Many cinematic adaptations of books rely too heavily on narration, either to advance the plot or to retain the quality of the author's prose. In Dune, it is strictly the former. Extra voiceover was unfortunately added in post-production in order to compensate for the loss of informative scenes.
Another problem is the hero, Paul Atreides, played by Kyle MacLachlan, who would go on to be a muse of Lynch's. Paul is a typical chosen-one archetype in that we are told he is important and special, but there isn't really much evidence of this in MacLachlan's performance.
He is able to tolerate intense, flesh-burning psychological pain and has prophetic visions. He is “the sleeper who must awaken” and carries the distinction of being a male born to a mother who was ordered to birth only girls. Yet, until the film's final third, he doesn't do much more than wander about emitting a bemused puppy-dog/pampered prince sort of aura. MacLachlan has obviously proven his talent by now, so part of the blame may be on the characterization and writing as much as his acting.
Paul has dreams of Chani (Sean Young) before ever meeting her, and when he does encounter her on Arrakis, in the midst of a showdown with the giant sandworms and roughly 90 minutes into the film, they both immediately agree that they are in love and will be together forever.
Perhaps in the book, Paul and Chani's fated relationship had more time to grow and deepen. In the film, it's so shallow and rushed that it can't elicit the emotion and drama and it strives for.
The sandworms themselves, however, are actually quite cool. While I remembered the political and dynastic intrigue, I had forgotten that much of the movie's third act dedicates itself to the subterranean behemoths.
The effects for the worms look far better when the beasts are partially covered by sand, skimming along like speeding trains. The shots of them emerging and opening their massive mouths have certainly not aged terribly well, but their immensity is nevertheless impressive and frightening. When Paul gains the ability to control them, and rides one around, he finally starts to earn that chosen-one reputation, and the movie feels refreshed and energetic. If only it showed such signs of life during its sagging middle.
On the whole, Dune's Lynchian fingerprints are faint. Much has been made of how the large-scale production, and multiple simultaneous shooting crews, removed the director's touch from the picture. Presumably a large chunk of it was sliced off in the editing room following that.
The fleshy tank creature -- which research tells me is called Guild Navigator? -- who speaks out of a crude, flappy orifice disappears from the film early on, and Baron Vladimir Harkonnen, a drugged out descendant of that naughty Willy Wonka blueberry girl, is in only a small percentage of scenes. These two minor characters loomed largest in my memory, doubtless because they are the most classically “Lynchian;” nightmare figures inserted into a world otherwise populated with characters that are recognizably human.

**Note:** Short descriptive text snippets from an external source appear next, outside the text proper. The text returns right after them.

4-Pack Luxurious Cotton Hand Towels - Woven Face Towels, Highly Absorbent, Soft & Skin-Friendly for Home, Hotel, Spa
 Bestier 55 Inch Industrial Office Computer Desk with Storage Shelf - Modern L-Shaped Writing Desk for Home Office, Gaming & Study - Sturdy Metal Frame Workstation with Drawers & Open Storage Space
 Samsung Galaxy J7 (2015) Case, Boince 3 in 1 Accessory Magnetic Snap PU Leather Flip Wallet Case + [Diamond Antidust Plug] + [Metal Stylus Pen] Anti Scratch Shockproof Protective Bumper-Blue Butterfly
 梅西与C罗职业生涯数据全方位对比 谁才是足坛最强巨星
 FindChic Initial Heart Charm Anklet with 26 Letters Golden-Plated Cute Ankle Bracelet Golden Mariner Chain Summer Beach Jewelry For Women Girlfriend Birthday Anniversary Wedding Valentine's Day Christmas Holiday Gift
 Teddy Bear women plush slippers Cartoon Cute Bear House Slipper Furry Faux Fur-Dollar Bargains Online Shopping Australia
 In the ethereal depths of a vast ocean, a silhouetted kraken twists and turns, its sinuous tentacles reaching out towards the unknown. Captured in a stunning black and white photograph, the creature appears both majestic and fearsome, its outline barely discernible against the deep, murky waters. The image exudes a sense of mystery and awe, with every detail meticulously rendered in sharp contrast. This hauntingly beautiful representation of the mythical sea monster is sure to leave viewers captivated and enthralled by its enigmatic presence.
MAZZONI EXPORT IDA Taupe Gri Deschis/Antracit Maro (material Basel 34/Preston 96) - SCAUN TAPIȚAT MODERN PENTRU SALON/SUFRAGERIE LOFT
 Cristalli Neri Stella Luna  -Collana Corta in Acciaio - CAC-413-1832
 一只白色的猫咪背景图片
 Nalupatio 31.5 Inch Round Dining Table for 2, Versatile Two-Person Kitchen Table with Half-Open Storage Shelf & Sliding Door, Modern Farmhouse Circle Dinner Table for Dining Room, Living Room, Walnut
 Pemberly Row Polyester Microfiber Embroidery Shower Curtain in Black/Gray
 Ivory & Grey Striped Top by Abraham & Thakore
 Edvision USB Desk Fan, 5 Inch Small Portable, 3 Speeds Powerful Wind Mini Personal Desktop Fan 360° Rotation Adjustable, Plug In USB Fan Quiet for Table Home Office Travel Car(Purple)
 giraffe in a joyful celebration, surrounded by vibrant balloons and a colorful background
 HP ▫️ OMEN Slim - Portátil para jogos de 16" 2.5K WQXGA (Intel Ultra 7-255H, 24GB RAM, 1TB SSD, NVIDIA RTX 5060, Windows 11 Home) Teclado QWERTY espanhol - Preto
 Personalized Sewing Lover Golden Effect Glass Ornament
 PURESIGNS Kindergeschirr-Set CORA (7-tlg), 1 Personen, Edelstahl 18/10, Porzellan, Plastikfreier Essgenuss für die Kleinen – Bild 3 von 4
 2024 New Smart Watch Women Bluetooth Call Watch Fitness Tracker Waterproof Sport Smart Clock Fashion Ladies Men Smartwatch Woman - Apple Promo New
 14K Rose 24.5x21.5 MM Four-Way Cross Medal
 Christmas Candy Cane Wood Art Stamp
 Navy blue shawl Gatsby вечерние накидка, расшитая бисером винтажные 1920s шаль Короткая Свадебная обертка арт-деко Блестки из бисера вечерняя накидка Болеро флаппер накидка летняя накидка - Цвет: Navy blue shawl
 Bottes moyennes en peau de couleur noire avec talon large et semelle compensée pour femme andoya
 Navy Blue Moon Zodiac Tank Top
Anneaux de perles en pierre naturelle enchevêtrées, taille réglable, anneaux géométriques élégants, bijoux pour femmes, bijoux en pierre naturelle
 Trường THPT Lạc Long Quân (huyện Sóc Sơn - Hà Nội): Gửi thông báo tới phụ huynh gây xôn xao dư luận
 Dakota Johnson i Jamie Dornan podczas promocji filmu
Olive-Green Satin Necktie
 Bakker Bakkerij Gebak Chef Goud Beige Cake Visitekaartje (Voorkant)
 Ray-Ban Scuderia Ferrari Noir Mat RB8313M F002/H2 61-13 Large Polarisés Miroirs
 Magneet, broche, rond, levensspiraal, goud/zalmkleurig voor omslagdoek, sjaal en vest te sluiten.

Ultimately, my reaction to the film was altogether more lukewarm than I expected. I did not uncover a newfound appreciation for Dune, but nor did I re-experience my initial distaste and exhaustion. There were elements I enjoyed -- the costume and makeup design, and just about any scene involving the aforementioned sandworms -- and stretches where my patience wore thin.
I couldn't find much of an in as a Lynch fan; most of the film's redeeming qualities are probably indebted to Herbert's story, and the world he built in the book(s). It's not a bad film. It's not a good one, either. If it seems like this article is petering out with a shrug, it's because that's basically how the movie left me feeling.
And yeah, Jodorowsky probably could have done it better.